Top ELD Questions about Short Haul

In today’s delivery world, balancing customer service demands with company needs such as controlling costs and filing IFTA paperwork is a daily challenge. Many short haul operations can now add the ELD Mandate to that list, but there is a lot of confusion out there as to who really needs to comply.

As defined in the FMCSA Hours of Service Regulations, in order to meet the definition for short haul, you must:

  • Start and return to the same location within 12 hours
  • Drive no more than 11 hours
  • Have ten consecutive hours off between shifts
  • Maintain your time clock function
  • Not have paper logs more than eight times in 30 days

If fleets break even one of these, they are no longer exempt. If a driver breaks one of these items, he or she has to take a 30-minute break before continuing to drive. Then there are the air miles. Draw a line from the distribution center out 100 miles for CDLs and 150 miles for non-CDLs. It’s all a lot to keep track of and hard for fleets to know when they should be keeping logs or purchasing ELDs.

To help, here are some common short haul questions and answers.

Do my line haul drivers need to have ELDs?
That depends on your distance between distribution centers. Many line haul distribution centers could be more than 100 miles away and many times their drivers drive a couple hundred miles to the next distribution center to deliver product.

In those cases, you’re definitely not qualifying for short haul – you’re a line haul or long haul driver. That driver would need to keep a record of duty status and have an ELD in the truck. That may be the only ones who need it in your fleet if complying with short-haul rules. But if you have an ELD, it’s an insurance policy — when you do break it, the ELD will catch it and eliminate the paperwork of keeping a paper log.

What happens when you have drivers who work for more than one company?
If the driver is required to keep a record of duty status, then that driver has to have seven days plus current with them readily available in the vehicle. When you have to add more drivers during a seasonal swing, for example, it doesn’t matter if your driver drove or just worked somewhere else — they have to be able to come up with the on-duty time that they had in those previous days.

You have to account for your 60 or 70 hour week. If the driver only drives for you for three days but they worked elsewhere — driving or not driving — you have to account for the on-duty time so that you can fulfill those seven days plus current in that vehicle. Those drivers can show their driving time in the form of a PDF file or an affidavit statement identifying where they worked and the number of hours put in.

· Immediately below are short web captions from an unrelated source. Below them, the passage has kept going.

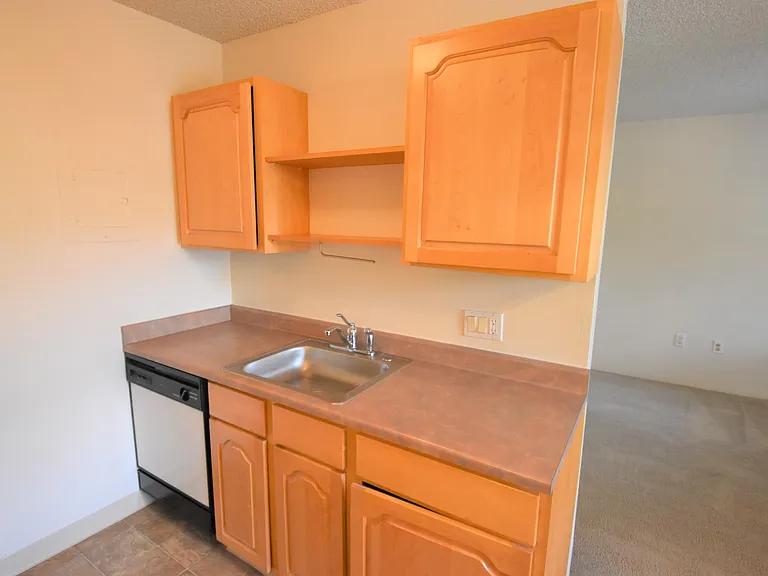 3009 Madison Ave #K218 — Photo 10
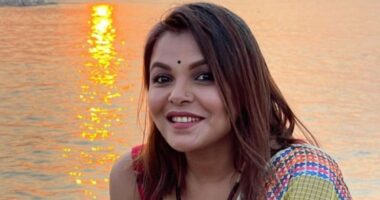 সৎ মা ইস্যুতে ফেঁসে যাচ্ছেন অভিনেত্রী শাওন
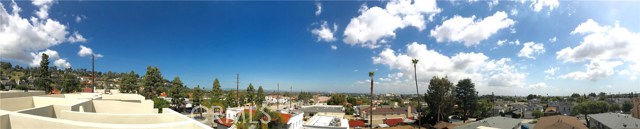 24444 Hawthorne Boulevard, Torrance, California 90505, 2 Bedrooms Bedrooms, ,2 BathroomsBathrooms,Residential,Sold,Hawthorne,SB17129552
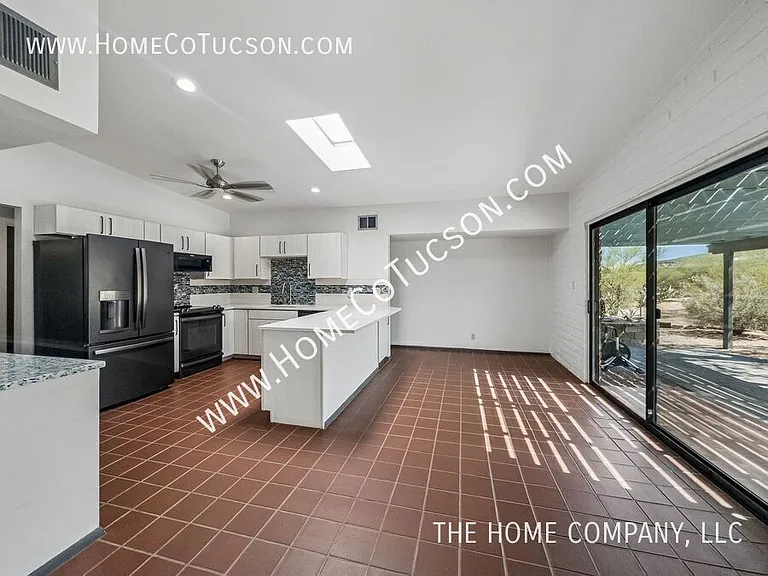 120 E Magee Rd — Photo 11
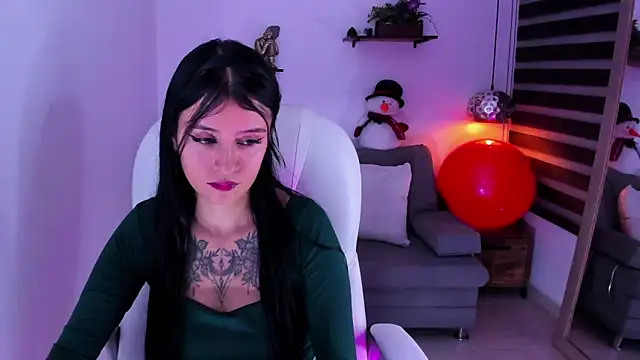 yenny garcia online show from 11.27.25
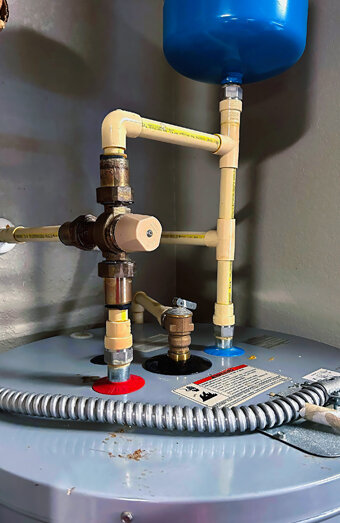 https://leeminghotwater.com.au/uploads/2025/06/gas-hot-water-system-63012.jpg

If I have a short haul driver who does not require an ELD (because he’s always under 12 hours and under the air mile limit, as well as returns to starting location), what if something happens on the route and one day he exceeds but doesn’t have an ELD?
It’s okay if you do that for one day. You can break one of the criteria for one day and keep paper logs. If you’re on a system and invoke the short haul ruleset, it would automatically keep an electronic log for you once you break one of those criteria. But if you don’t have an ELD in your vehicle and only break for one day, you don’t need an ELD.

The way the mandate is written, there is a 30 rolling calendar day. If you break your short-haul more than eight times in those rolling 30 days, then you’d be required to keep and ELD until you get back to that lower number. If you’re just breaking once or twice a week or five times a month, you have to keep paper logs. But you have to keep a detailed log of the days you’re breaking the rule.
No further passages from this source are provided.